IBM Storage has developed reference architectures and converged systems that our clients need with balanced configurations that can deliver performance and efficiency. Today, data scientists may start small, but the data will always grow. By choosing the right starting point, organizations can build an AI data pipeline where value and efficiency grows with volumes of data.

To learn more about IBM SpectrumAI with NVIDIA DGX, visit this webpage and join us for the February 19th webinar “Building your AI Data Pipeline with IBM Spectrum Storage for AI with NVIDIA DGX.”

This is the latest in a series of IBM Systems infrastructure solutions for AI that span covering solutions with IBM Power AC922, IBM PowerAI, IBM Spectrum Computing and the IBM Spectrum Storage portfolio. To learn more about the IBM infrastructure solutions for AI, visit the IBM Systems AI webpages, or start with the IBM Systems AI Infrastructure Reference Architecture.
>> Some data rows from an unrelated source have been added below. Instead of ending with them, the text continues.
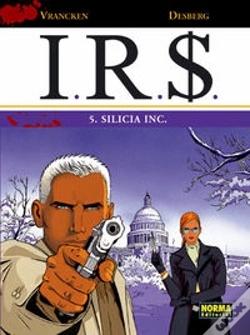 Capa do artigo I.R.S. 05. Silicia Inc.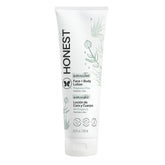The Honest Company Hydrating Face and Body Lotion, Fast Absorbing, Naturally Derived, Hypoallergenic, Fragrance-Free, Sensitive, 8.5 fl oz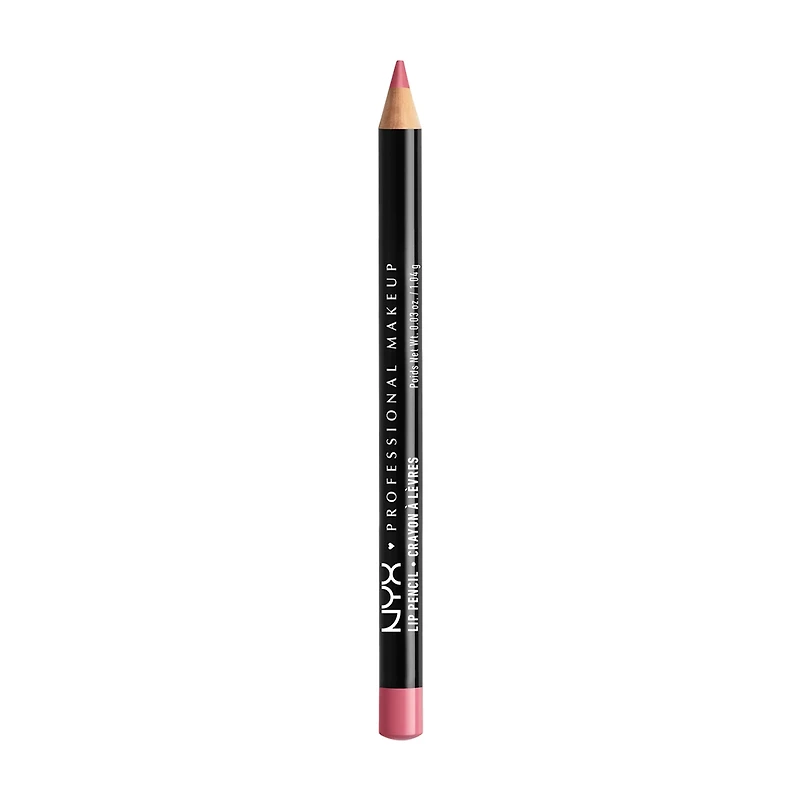 NYX Professional Makeup Slim Lip Pencil, Sand Pink
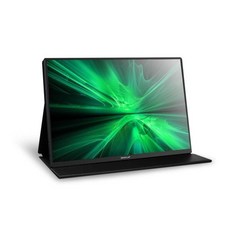 모니터 제우스랩AS가능 16인치 QHD 휴대용 모니터 P25K 포터블 DeX 듀얼 보조 서브 HDR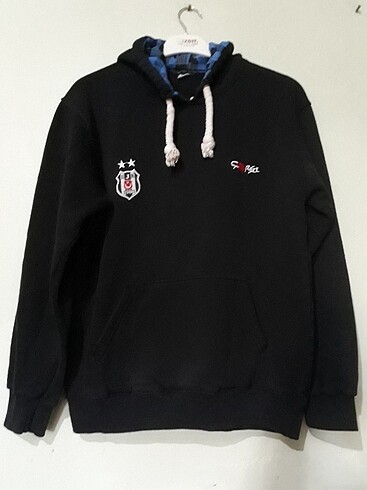 Beşiktaş kapsonlusu sweatahirt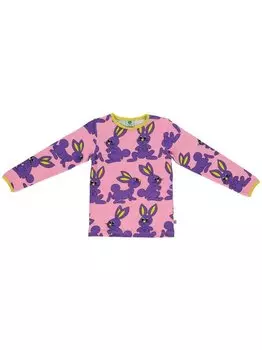 Рубашка с длинным рукавом Smfolk, мультиколор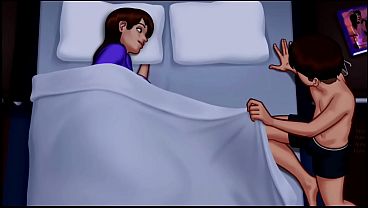 Momen Terlarang [v21.0.0] | Ibu Tiri Nggak Ngelirik Lagi Kali Ini (18+) | Game Hentai Dewasa Yang Bikin Muncrat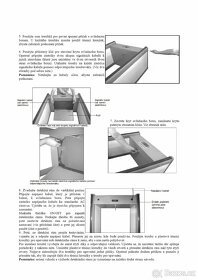 Průchozí detektor kovů ALL-SUN TS1250 - 10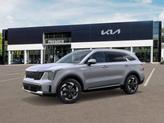 Thumbnail of 2025 Silky Silver Kia Sorento Plug-In Hybrid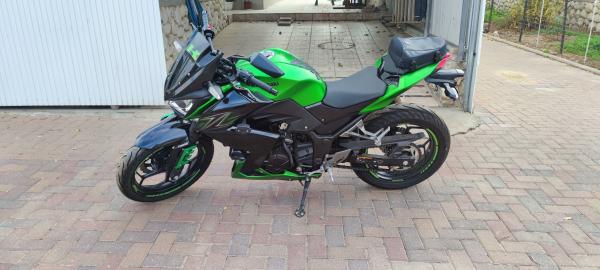 קאוואסאקי Z300 (2017)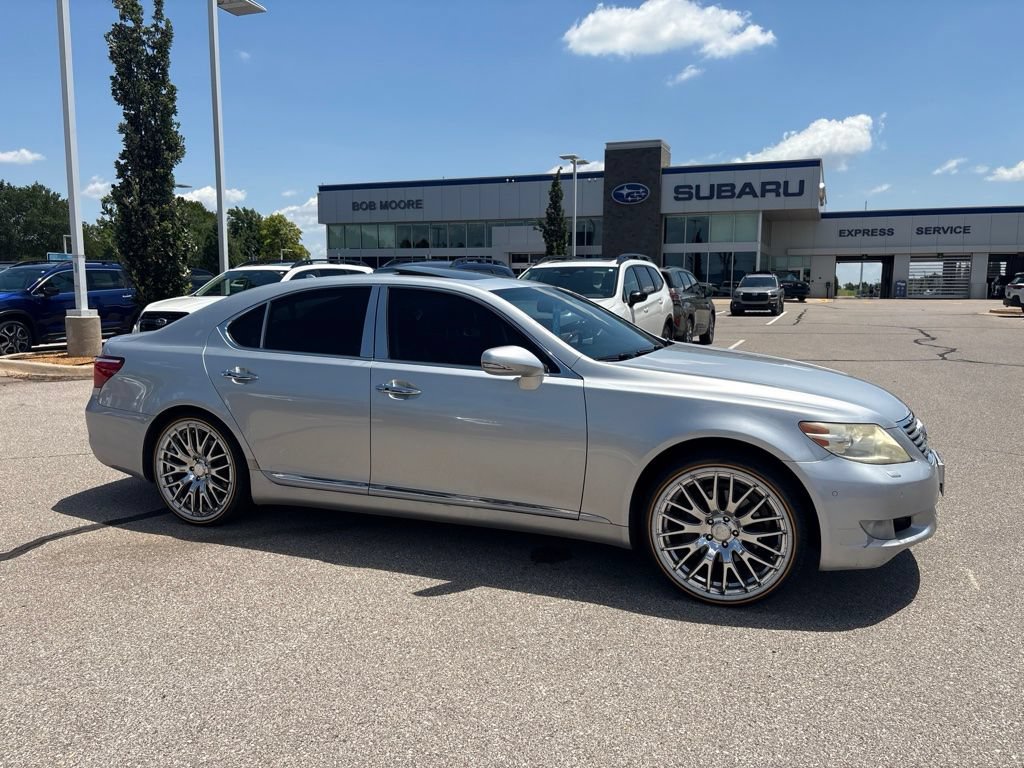 Used 2011 Lexus LS 460 w/ Luxury Value Edition RWD image 1
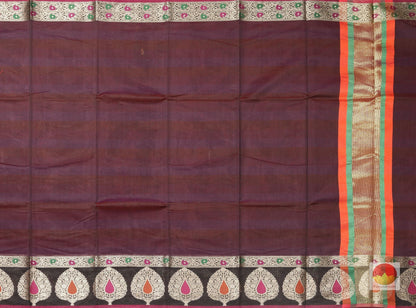 Lite Weight Banarasi Silk Cotton - PSC 223 - Silk Cotton - Panjavarnam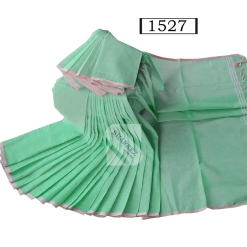 Soft Cotton Saree 1527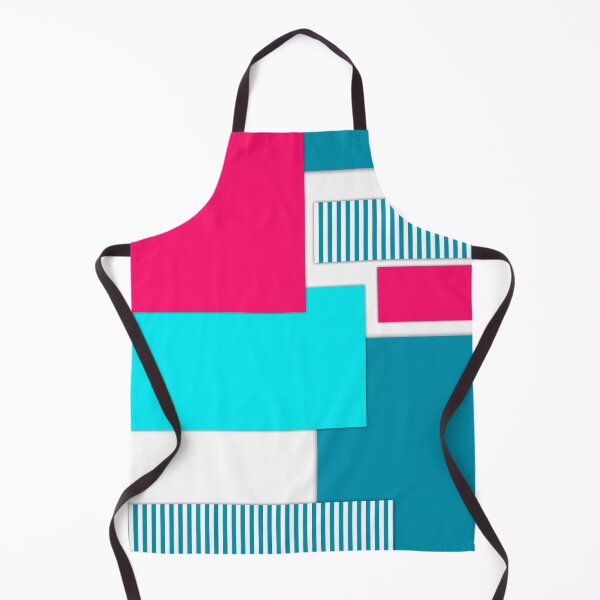 Item preview, Sky blue with crimson and white patchwork quilts designed and sold by fuzzyfox.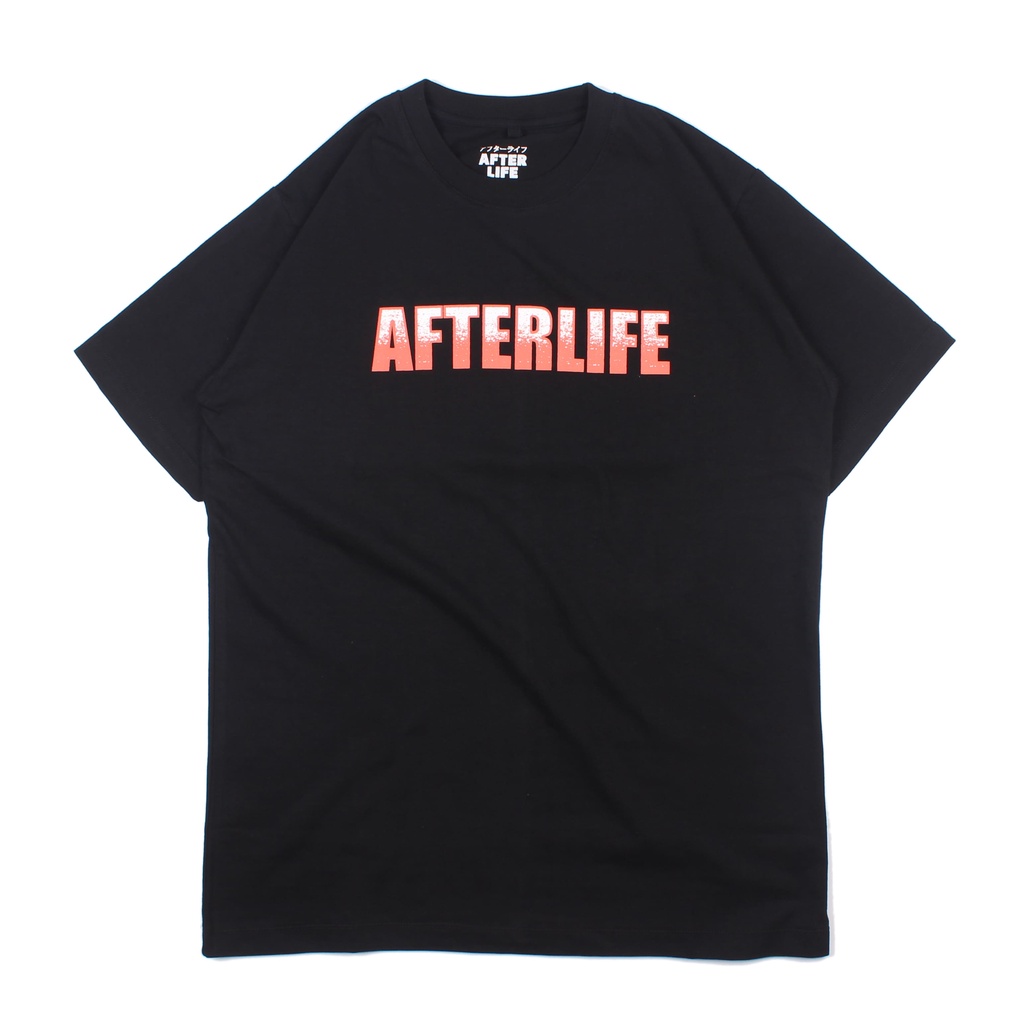 AFTERLIFE - Tshirt Panda Style Black | 21054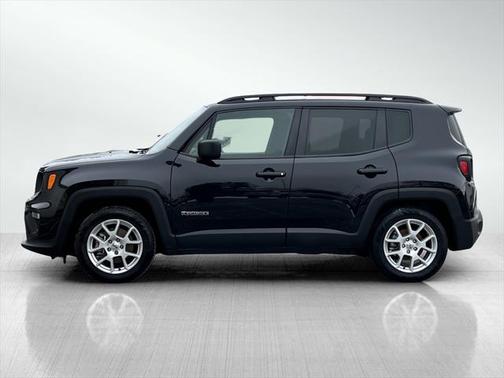 2022 Jeep Renegade Sport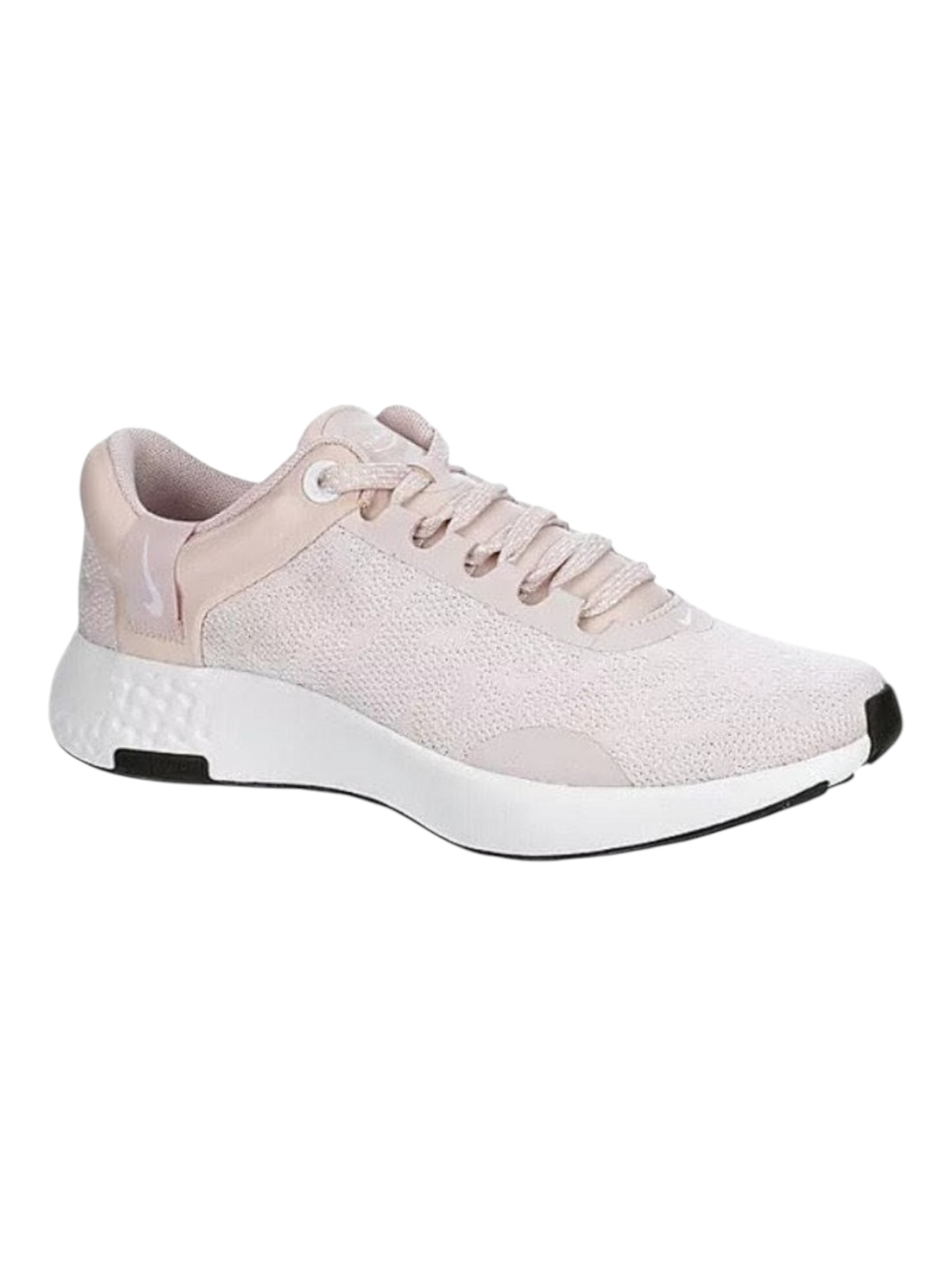 Nike Renew Serenity Run 2 Light Pink Lace Barely Rose Running Sneakers Women 8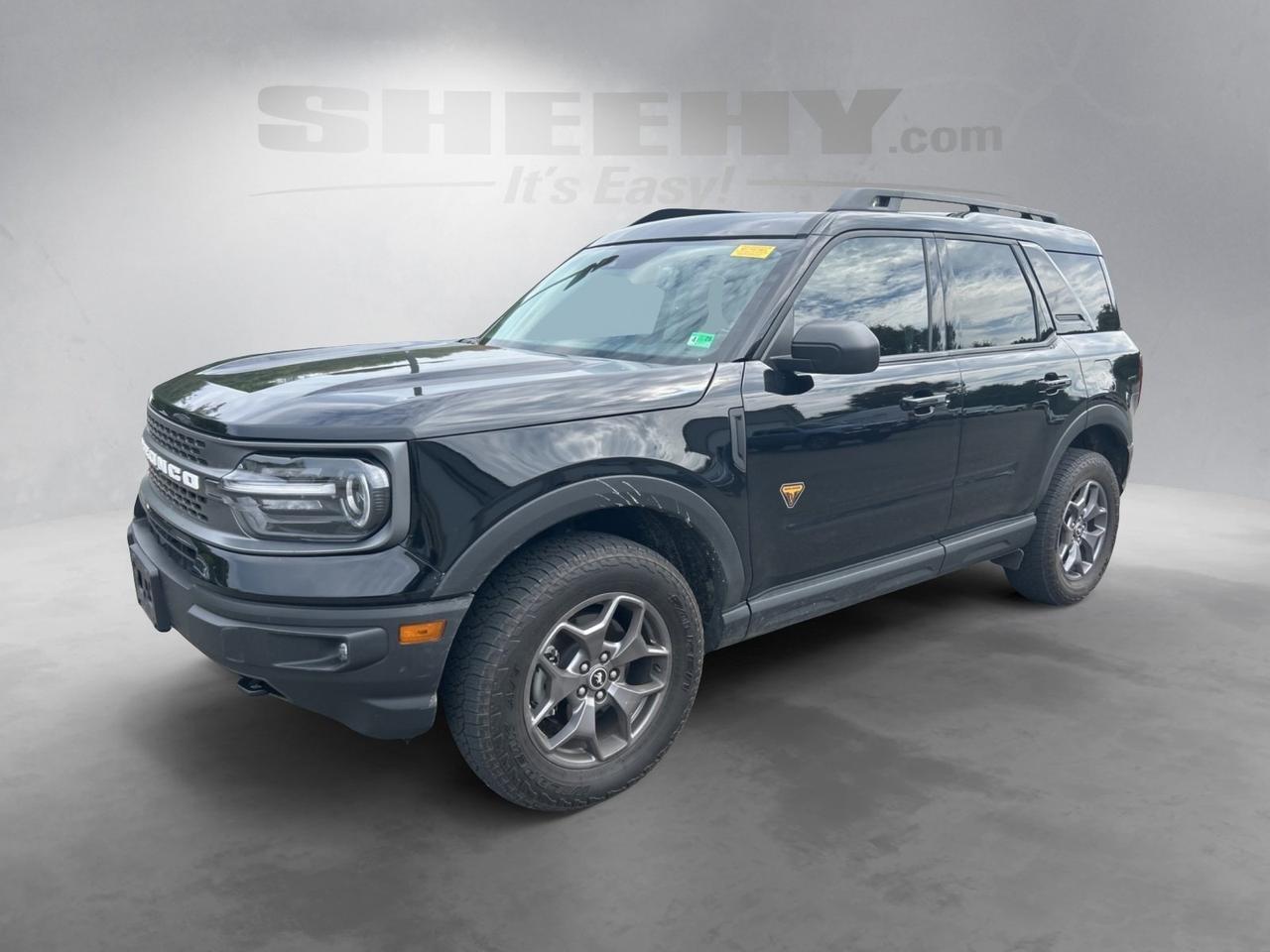 2024 Ford Bronco Sport Badlands Ashland VA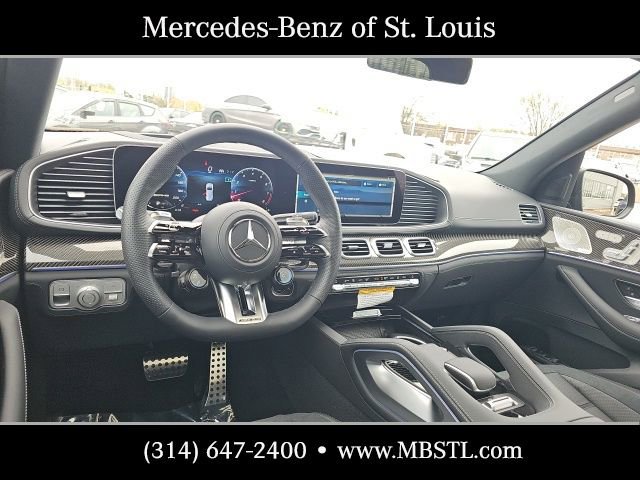 New 2026 Mercedes-Benz GLS 63 AMG 4MATIC image 22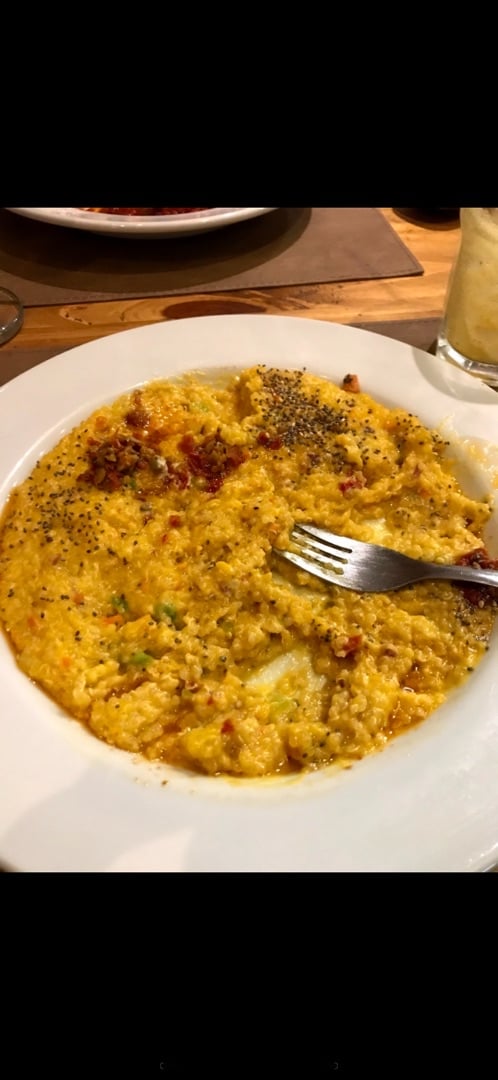 review photo of Buenos Aires Verde - Belgrano Risotto de Quinoa a la Calabaza shared by @beluharringtonc on 01 Dec 2019 - review
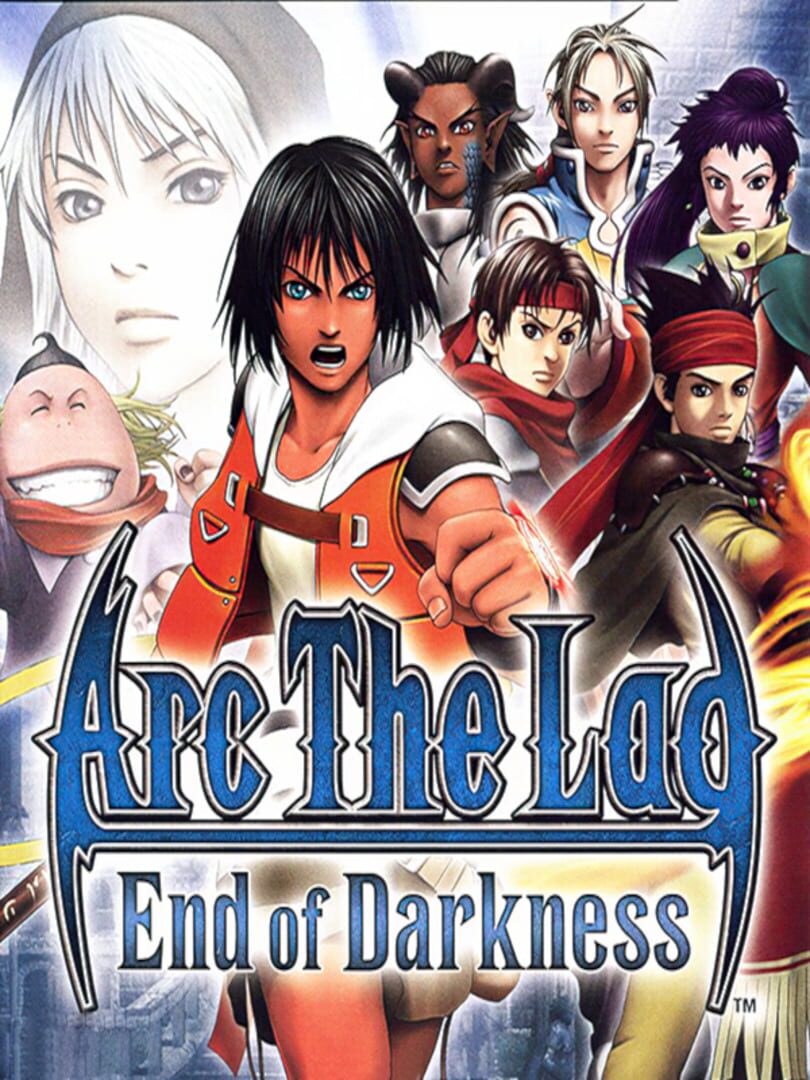 Arc the Lad: End of Darkness (2005)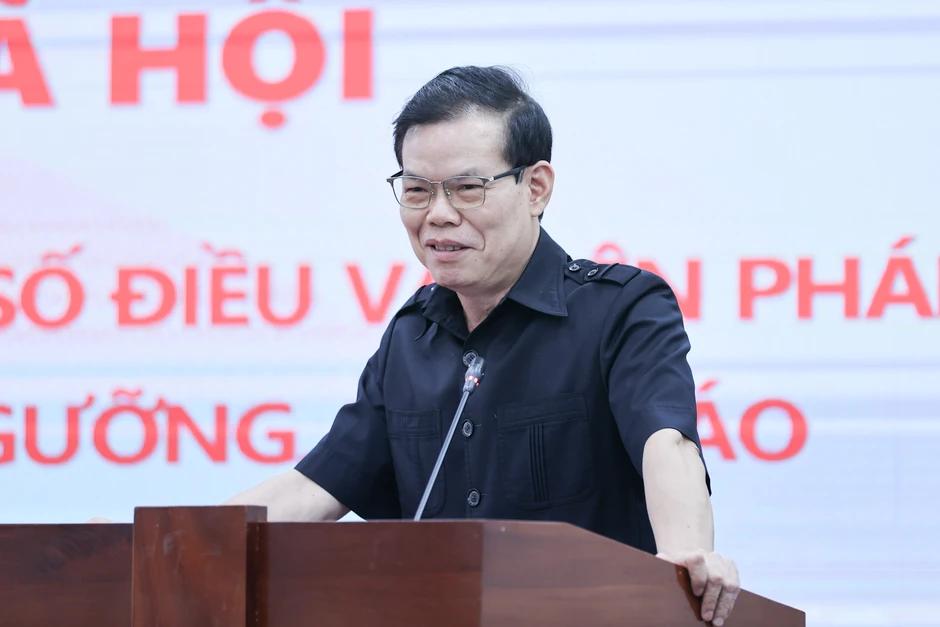 Tìm “mẫu số chung” hài hòa giữa quản lý và tự do tôn giáo Tìm “mẫu số chung” hài hòa giữa quản lý và tự do tôn giáo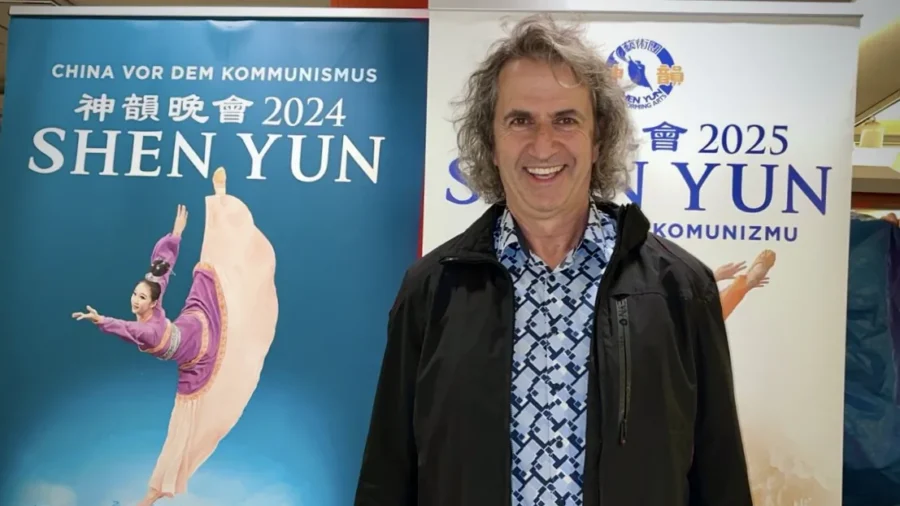 Leading Natural Health Expert in Germany Praises Shen Yun: ‘Beautiful and Entertaining’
[1] Source: IDC TECHNOLOGY SPOTLIGHT Sponsored by: IBM  #US43977818

[2] FIO data throughput testing of 120GB/s and AI workloads performance compared to the self-reported results of other NVIDIA RA business partners https://www.nvidia.com/en-us/data-center/dgx-reference-architecture/

[3] Winner of many awards, including 2017 Flash Memory Summit “Most Innovative Flash Memory Business Application.” and HPCwire Reader’s Choice awards 2018.

[4] IBM lab testing of IBM Spectrum Scale on 3 NVMe arrays using 1M random reads driven by FIO on 9 NVIDIA DGX-1 systems connected with Mellanox EDR Infiniband.